Every now and again, I still am—I’m watching how my dad does the marinade to see if I can get it just like that because he cooks for the family and he cooks to his own palate obviously. But to be able to do that and then replicate it on a setting like this, that’s very different.
The first actual recollection that I have of cooking was when my grandmother for St. Nick’s present had got me a Baking for Kids book. I would have been 7 or 8. That was very exciting because we got to make cookies and cakes for a little while because mom wouldn’t let us in the kitchen after a while. It’s just too much for ‘Pigs Day’. And then for me, it’s always just been something I enjoyed doing. Even as a teenager, we’d go somewhere. We’d have a youth rally or something like this, and I’d be at the kitchen playing with food because I enjoyed doing that.
And then, there was a point where I needed to make a decision on a career because the field that I was in was not fulfilling, and I don’t mean that on a physical sense but—and so, I sold my half of the business I was in at the time and enrolled in culinary school.
My first food-related job would have been with Chef Mike Olson when the Inn on the Twenty opened. And the story there is very neat actually. My dad during the summers because he was off would work there in a warehouse just to sort of manage and help out, etcetera, etcetera. A whole bunch of school kids would be there. And then, the warehouse got sold to Mr. Penechetti because it was the old Jordan Winery building. And so, I’d been in this warehouse and had seen it as a place of books to the ceiling—because it was a book warehouse—and then conveyor belts and forklifts and all the stuff. And all of a sudden, here’s this whole cleanup crew and they’re starting modifying this building.

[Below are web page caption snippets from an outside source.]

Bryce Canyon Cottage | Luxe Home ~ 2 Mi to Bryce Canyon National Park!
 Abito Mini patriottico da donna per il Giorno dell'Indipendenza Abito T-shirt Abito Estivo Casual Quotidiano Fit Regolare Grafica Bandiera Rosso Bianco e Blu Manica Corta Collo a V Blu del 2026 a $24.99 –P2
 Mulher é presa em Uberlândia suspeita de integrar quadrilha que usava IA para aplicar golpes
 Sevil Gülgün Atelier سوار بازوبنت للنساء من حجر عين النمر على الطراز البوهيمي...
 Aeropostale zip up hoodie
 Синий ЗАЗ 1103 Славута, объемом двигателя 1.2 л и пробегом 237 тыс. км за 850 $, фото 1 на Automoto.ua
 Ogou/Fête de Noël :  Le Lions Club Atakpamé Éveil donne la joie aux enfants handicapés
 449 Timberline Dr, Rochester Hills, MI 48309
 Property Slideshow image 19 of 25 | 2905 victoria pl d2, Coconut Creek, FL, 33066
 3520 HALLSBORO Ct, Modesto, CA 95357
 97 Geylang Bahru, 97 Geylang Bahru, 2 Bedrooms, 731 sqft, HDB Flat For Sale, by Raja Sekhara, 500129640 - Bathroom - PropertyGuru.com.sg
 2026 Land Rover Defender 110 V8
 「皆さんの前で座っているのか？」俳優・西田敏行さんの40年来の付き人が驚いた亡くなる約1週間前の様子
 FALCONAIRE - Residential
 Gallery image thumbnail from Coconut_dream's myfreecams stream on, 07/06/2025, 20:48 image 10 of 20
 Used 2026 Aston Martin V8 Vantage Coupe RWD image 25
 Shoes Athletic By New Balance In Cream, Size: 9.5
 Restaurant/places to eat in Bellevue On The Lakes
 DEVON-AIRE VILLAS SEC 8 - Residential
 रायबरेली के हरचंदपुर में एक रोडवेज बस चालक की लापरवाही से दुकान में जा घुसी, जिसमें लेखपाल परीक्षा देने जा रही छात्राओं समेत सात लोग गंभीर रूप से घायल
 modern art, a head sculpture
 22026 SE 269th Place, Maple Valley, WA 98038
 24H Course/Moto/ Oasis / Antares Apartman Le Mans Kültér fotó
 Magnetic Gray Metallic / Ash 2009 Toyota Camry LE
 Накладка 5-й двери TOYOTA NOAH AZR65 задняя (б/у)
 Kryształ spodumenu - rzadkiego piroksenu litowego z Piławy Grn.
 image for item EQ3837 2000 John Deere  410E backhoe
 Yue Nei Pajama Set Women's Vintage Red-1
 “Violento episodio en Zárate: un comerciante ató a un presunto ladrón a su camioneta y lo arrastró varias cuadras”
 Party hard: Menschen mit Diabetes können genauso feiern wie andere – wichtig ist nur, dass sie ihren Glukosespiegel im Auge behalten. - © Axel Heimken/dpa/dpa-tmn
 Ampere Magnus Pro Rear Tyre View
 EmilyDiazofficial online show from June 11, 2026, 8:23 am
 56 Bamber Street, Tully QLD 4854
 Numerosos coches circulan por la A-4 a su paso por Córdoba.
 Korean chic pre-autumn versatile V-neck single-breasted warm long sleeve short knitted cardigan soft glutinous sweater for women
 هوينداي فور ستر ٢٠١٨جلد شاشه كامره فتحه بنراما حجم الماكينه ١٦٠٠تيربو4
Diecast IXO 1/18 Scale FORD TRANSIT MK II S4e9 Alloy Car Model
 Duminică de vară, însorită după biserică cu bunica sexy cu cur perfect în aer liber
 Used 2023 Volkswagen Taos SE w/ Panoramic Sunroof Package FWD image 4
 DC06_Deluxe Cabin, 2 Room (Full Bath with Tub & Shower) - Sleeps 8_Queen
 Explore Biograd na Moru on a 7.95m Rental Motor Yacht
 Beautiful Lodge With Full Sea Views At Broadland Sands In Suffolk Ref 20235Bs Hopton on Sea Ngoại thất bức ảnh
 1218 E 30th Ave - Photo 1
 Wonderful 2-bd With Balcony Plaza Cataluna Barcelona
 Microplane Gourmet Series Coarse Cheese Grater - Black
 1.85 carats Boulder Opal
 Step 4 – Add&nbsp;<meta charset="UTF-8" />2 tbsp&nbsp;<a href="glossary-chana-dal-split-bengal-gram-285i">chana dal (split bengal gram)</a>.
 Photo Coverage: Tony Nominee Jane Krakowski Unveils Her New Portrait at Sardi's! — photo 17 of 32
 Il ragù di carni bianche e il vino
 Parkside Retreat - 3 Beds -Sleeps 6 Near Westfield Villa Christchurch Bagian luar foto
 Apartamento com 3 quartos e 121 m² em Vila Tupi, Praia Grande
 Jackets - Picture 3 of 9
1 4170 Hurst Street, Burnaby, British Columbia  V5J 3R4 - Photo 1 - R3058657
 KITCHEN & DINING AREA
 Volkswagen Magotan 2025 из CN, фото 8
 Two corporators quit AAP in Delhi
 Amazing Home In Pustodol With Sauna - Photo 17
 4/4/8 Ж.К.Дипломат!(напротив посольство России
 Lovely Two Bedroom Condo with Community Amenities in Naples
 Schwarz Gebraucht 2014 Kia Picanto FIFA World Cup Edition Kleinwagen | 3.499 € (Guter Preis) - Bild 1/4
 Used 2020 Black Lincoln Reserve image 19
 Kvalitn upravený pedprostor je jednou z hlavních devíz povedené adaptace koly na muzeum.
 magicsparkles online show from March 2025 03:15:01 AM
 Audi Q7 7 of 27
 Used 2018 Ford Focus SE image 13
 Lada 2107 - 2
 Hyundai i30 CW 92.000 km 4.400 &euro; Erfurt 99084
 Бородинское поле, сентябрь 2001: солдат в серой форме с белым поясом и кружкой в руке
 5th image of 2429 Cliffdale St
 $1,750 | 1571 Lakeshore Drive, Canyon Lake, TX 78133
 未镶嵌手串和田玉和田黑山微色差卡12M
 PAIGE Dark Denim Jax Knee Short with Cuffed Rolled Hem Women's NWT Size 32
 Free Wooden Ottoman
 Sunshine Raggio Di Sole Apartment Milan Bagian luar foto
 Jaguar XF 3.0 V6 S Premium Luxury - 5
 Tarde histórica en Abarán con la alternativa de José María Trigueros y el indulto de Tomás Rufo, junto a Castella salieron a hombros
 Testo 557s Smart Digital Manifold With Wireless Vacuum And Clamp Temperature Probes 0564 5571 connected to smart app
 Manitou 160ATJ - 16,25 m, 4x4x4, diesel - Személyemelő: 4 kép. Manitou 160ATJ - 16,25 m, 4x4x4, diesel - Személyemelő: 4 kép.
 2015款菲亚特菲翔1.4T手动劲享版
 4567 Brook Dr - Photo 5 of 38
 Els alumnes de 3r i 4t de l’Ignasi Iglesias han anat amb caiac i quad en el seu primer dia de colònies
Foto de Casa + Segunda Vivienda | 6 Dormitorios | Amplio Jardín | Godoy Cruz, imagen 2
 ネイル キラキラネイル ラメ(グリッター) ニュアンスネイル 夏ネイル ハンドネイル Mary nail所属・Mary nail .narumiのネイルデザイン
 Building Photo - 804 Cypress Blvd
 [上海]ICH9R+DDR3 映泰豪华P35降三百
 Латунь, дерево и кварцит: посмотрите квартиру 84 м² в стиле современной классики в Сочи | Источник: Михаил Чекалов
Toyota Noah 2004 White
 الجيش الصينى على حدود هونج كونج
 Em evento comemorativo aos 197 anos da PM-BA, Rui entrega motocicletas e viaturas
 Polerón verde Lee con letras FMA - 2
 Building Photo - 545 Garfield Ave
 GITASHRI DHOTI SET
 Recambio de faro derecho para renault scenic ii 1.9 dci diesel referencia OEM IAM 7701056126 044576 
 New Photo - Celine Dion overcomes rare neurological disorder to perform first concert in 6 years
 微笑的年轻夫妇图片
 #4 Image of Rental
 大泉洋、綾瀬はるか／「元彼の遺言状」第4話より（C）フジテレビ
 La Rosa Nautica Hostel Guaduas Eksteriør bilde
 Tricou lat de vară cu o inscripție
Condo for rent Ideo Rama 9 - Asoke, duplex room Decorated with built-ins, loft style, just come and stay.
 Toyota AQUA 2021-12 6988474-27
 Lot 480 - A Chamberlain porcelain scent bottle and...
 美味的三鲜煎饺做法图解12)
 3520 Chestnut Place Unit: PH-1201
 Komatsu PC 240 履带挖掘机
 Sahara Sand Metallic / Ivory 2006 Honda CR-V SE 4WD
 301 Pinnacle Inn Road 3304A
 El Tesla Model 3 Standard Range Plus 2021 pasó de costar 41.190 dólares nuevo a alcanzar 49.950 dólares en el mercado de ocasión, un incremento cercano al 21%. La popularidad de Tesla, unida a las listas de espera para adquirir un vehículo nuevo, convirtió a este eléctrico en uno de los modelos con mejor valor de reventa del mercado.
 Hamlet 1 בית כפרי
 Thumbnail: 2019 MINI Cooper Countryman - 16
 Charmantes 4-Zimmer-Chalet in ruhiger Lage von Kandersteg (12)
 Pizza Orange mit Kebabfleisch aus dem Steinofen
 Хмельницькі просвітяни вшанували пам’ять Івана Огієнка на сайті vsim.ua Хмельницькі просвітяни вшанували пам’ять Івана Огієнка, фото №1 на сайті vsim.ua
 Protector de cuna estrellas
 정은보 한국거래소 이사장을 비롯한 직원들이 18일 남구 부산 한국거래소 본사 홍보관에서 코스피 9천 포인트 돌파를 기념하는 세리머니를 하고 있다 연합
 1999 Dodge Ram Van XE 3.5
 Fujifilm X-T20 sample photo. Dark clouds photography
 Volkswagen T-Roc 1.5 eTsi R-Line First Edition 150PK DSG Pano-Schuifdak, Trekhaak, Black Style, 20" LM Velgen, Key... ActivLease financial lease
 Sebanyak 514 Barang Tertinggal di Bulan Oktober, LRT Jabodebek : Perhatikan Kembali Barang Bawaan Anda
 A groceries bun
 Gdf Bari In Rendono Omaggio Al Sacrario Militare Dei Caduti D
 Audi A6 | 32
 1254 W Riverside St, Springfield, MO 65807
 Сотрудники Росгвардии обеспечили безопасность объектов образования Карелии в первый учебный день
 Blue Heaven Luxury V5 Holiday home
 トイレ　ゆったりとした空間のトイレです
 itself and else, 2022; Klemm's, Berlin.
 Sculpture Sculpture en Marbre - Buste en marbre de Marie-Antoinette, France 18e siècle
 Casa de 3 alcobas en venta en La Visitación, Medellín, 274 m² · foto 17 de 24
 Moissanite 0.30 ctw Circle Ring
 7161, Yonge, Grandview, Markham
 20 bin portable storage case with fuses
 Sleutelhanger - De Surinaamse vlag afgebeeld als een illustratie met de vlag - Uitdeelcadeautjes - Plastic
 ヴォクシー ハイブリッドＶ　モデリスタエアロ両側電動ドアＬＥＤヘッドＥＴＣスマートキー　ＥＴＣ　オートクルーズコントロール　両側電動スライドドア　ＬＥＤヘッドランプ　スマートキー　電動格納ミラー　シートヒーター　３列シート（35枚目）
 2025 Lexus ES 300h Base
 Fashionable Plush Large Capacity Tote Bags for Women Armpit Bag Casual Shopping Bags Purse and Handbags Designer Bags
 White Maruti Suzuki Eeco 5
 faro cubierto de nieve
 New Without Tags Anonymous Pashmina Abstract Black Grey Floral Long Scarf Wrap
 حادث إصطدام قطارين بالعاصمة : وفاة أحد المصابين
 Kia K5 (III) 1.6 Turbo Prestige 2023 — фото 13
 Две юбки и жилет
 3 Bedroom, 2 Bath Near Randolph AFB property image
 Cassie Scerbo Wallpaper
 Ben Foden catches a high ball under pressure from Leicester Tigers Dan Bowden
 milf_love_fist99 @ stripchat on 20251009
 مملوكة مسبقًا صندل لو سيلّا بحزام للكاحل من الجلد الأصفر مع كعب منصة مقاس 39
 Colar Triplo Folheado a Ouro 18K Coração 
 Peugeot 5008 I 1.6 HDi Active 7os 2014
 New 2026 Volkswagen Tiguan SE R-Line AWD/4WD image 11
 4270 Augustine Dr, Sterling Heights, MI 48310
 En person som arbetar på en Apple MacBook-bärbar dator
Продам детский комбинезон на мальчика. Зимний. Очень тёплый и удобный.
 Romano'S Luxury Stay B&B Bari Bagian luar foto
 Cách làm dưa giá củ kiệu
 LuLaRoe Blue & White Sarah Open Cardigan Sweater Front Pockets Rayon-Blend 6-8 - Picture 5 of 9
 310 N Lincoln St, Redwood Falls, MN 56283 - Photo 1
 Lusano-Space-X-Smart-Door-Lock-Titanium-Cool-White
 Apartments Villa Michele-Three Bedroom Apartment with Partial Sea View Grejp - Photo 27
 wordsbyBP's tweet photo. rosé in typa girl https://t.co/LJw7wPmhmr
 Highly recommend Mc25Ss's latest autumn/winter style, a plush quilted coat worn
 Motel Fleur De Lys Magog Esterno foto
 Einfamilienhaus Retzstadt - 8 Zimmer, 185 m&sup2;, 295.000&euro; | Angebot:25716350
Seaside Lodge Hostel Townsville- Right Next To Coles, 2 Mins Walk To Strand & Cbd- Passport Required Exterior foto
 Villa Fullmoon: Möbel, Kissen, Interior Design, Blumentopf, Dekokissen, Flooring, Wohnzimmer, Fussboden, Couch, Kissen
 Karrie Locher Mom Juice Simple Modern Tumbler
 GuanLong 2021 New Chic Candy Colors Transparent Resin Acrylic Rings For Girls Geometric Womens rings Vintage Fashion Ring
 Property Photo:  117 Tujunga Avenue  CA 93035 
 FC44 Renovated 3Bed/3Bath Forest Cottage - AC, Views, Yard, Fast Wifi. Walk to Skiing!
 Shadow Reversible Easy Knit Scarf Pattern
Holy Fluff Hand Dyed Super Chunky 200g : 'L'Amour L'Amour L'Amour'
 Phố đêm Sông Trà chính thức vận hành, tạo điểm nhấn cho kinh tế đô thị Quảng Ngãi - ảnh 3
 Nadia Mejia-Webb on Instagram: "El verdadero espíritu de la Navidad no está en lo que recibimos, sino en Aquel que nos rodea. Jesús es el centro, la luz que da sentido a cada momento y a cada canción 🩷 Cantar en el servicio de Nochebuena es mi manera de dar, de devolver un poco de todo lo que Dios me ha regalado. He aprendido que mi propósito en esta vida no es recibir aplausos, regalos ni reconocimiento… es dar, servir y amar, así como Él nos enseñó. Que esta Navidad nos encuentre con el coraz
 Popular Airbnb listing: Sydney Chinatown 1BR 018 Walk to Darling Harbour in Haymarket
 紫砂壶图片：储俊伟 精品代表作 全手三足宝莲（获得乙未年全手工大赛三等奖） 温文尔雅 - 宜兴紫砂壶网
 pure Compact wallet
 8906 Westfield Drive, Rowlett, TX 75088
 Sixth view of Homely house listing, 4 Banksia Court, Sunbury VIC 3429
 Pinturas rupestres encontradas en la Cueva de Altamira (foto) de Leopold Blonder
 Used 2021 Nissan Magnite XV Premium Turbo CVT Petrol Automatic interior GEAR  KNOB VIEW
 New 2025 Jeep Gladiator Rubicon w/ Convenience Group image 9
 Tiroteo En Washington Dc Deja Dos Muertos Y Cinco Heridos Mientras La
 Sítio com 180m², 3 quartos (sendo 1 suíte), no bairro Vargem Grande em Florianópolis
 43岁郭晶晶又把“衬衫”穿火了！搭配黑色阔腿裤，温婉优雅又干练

So I drive by this building everyday and it’s being transformed into a restaurant. And so, I basically knew most of the people there by the time it was ready to open. I am now also enrolled in culinary school. When it was opened, it was—I don’t want to say it was a natural inclusion but I had applied and I got a position that opened. Actually, I started out as a server and that lasted all of two weeks. When Mike Olson found out I was in culinary school then I got yanked off the floor into the kitchen and it went from there.
From a business perspective, I would have to say that the bulk of mentoring I received would have been from Chef Bocconi absolutely, not only from a cooking perspective and understanding how food interacts with wine, what wine does to food, what the two mean, but there’s far more to cooking than just the food. It’s also about understanding a costing of—for example, a staffing issue, a work ethic, a process of hiring and management and so on and so forth. It was never about—you know, the first thing that he would do is I would walk and he’d go, “You need to polish your shoes,” right? And things of that nature, it was never just about the food. It was about understanding what it takes to do this particular task, this job, this career.